Offshore Fish

Sampson Fish

Sambos are generally caught up north of South West Rocks in the cooler months starting in June. Some years are better than others and these brutes can often turn up out of nowhere. They’re closely related to kingfish, but with a higher body and mottled markings alongside.

Dusky flathead from South West Rocks


Flathead are of one species or another are caught in virtually every habitat we fish. ‘Duskies’ as they are known live in the Macleay River and grow over a meter in length. Sand flatties and blue spotted are out on the flat bottom and rubble. Marbled and armour headed around the reef edges and tigers in the deep. They’re all yummy!

Mangrove Jack

During the warmer months these red devils are found along the river break walls. We generally target them drifting live baits employing a heavy handed “first round knockout” approach – jacks are dirty fighters and will have you cut off under a rock in no time.


Wahoo as the name suggests are truly crazy. The first run is like hooking your line to a jet ski, and the direction changes during the fight cause most anglers to loose contact, and often loose the fish. Similar looking to a mackerel but with a sharper snout, sharper teeth and thick vertical blue zebra stripes.

Venus Tuskfish

The Venus Tuskfish is one of the most attractive species we target, frequenting the heavy coral incrusted reefs to our north. They will take lures and bait, and taste as good as they look!

Longtail Tuna

Longtails are a true inshore tuna species. They’re almost year round but are most common through autumn and winter in our neighbourhood. Exceptionally hard fighting, the meat is best done as sashimi or pan seared and left raw in the centre.

Yellowfin Tuna

Yellowfin Tuna have bounced back somewhat along the east coast in recent years. The large models are primarily targeted in South West Rocks during cooler months, whilst the small “jelly been” sized fish (3 to 15kg) are prolific inshore during summer and autumn when the water is clean.
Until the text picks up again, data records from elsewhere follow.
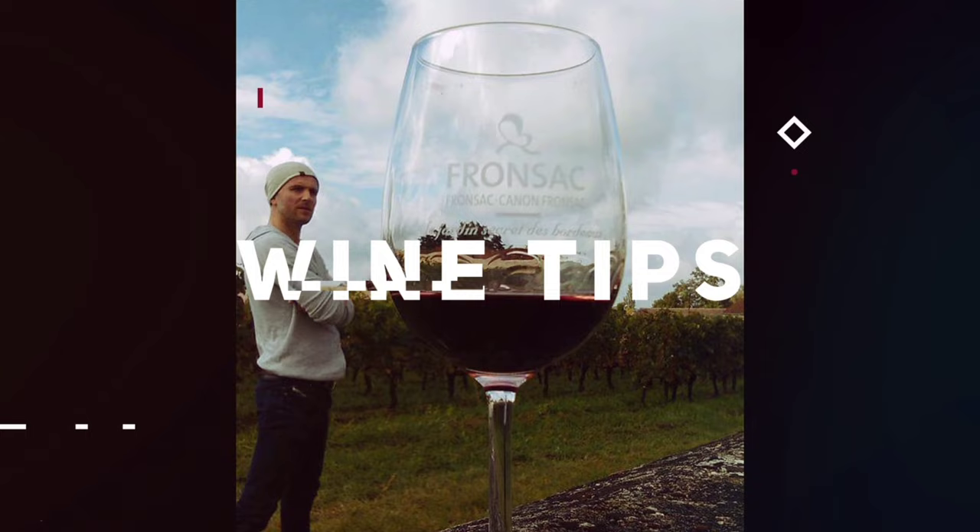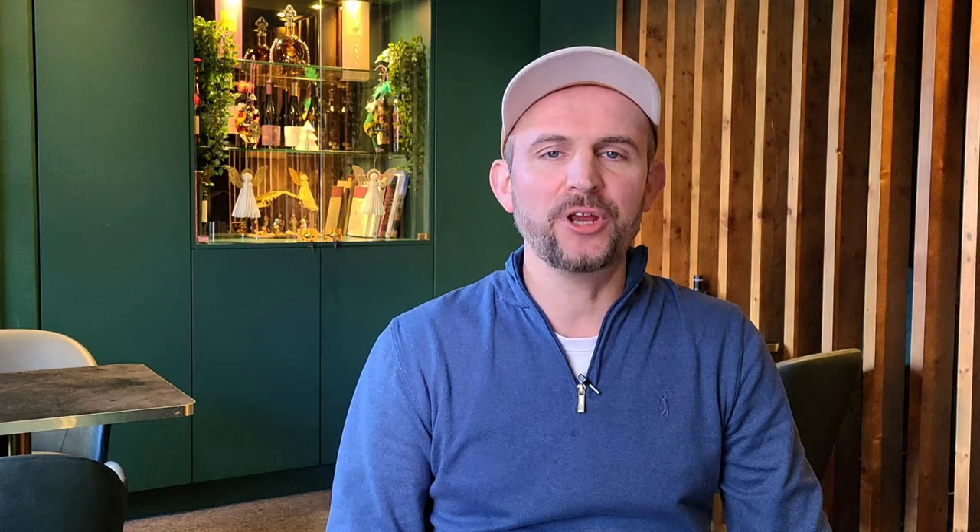Hi guys, WineTuber here and today I will review and give you my honest opinion about wine glasses designed by Janssens Robinson, Master of Wine and Richard Brendon — wine glasses that you can use for any type of wine. So let's get started. Many thanks to Liberty Wines Ireland, Amuri Restaurant and the CorksQ wine merchants for helping me with this video.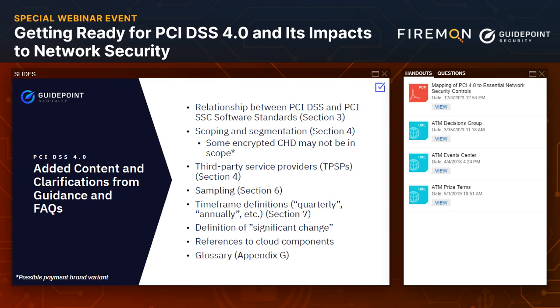There is a lot of additional clarification and content added that I think is hugely helpful. Some of it really hasn't changed much — for example, scoping and segmentation rules are still pretty much the same. But there's a great deal of definition that has been added. For instance, what exactly do we mean when we say 'quarterly,' 'annually,' 'significant changes'? These are terms that if you've been through a PCI DSS assessment, you already know where some of those gray areas have been. The council has taken steps to really help clarify their intent on some of these.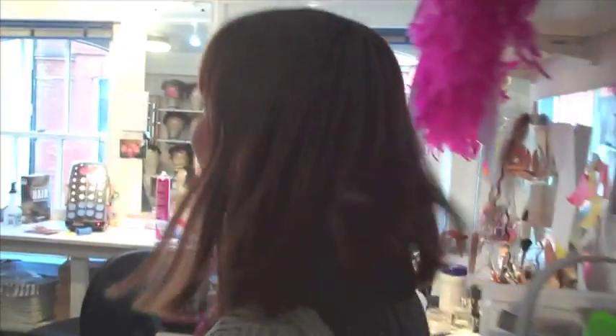Welcome, come in. This is the wig and makeup world for Love Never Dies. This is where we all hang out. There's about six of us in here.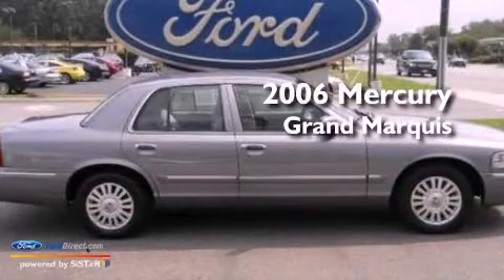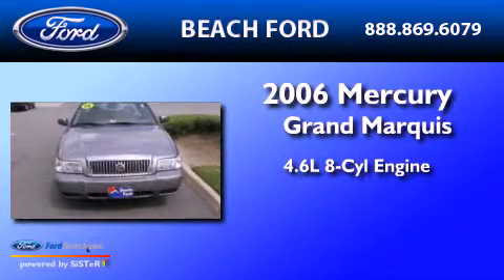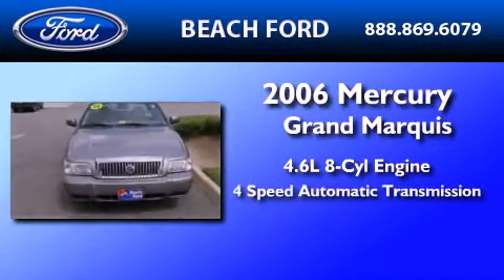This is a 2006 Mercury Grand Marquis. It has a 4.6-liter, 8-cylinder engine and a 4-speed automatic transmission.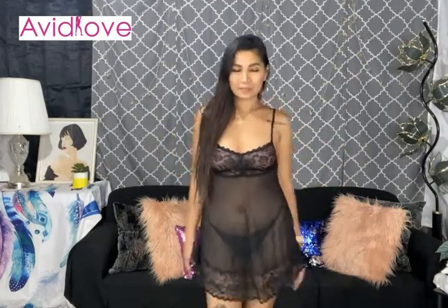Let me know what you think about this set. This is such a gorgeous, beautiful, comfortable night dress — I am so in love and I would give this a 10 out of 10. Thank you!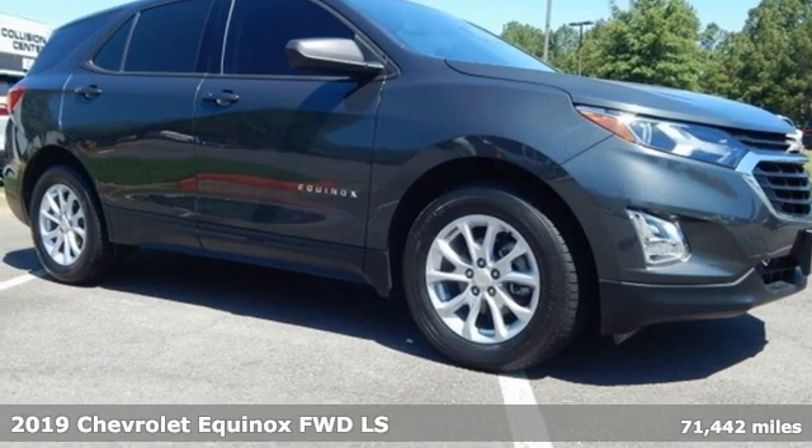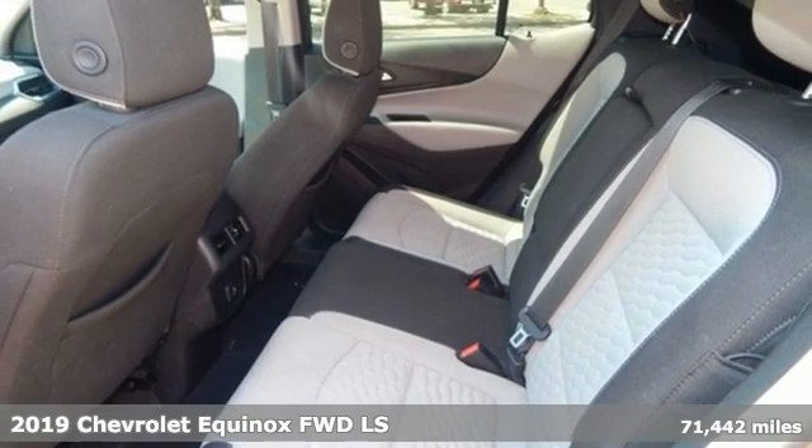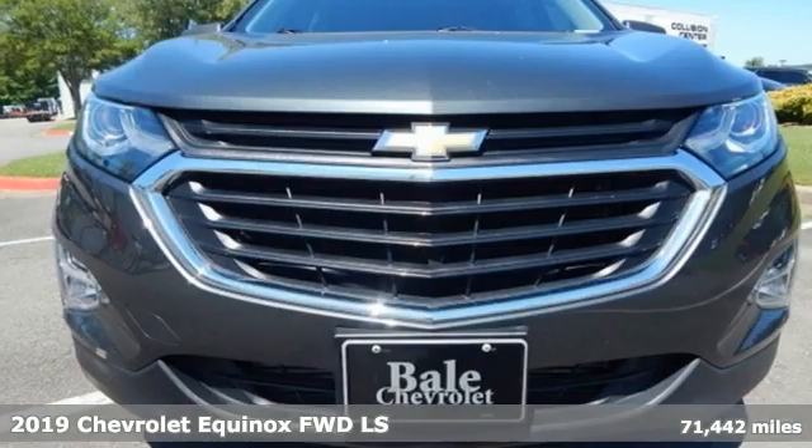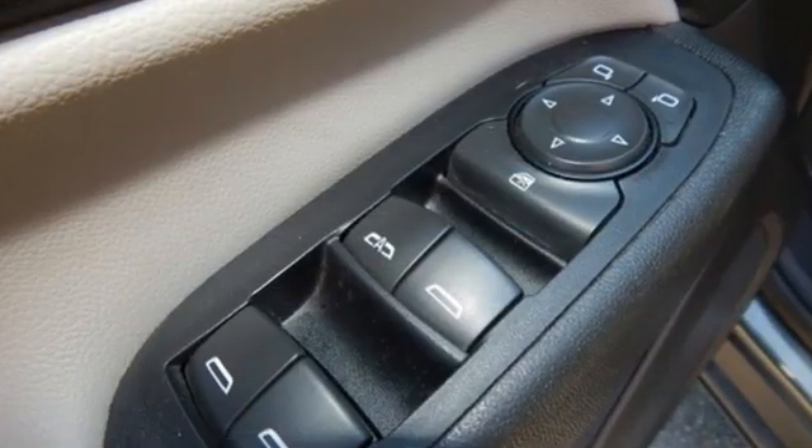It's a 2019 Chevrolet Equinox. This Equinox is a talented multitasker with impressive fuel economy, thoughtful safety features, and powerful performance. It's equipped for all your driving needs and wants.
Cobia or ‘black kingfish’ are one strange critter! They aren’t fussy eaters and will munch most things, including crabs, and can be found from way up the river and estuary to offshore reefs and wrecks during warmer months. Quite often found swimming alongside large rays and sharks, they grow to massive sizes in their own right


Teraglin fish look very similar to mulloway with a few obvious differences. The mouth inside is yellow orange, the tail is concave instead of convex and the body is softer with lighter scales. They taste delicious battered in my opinion!

Pearl Perch

Pearl Perch are normally found over the deeper reefs but will come in quite close during winter. Very popular amongst fishos for their eating qualities, we frequently catch them on lures and bait during the second half of the year.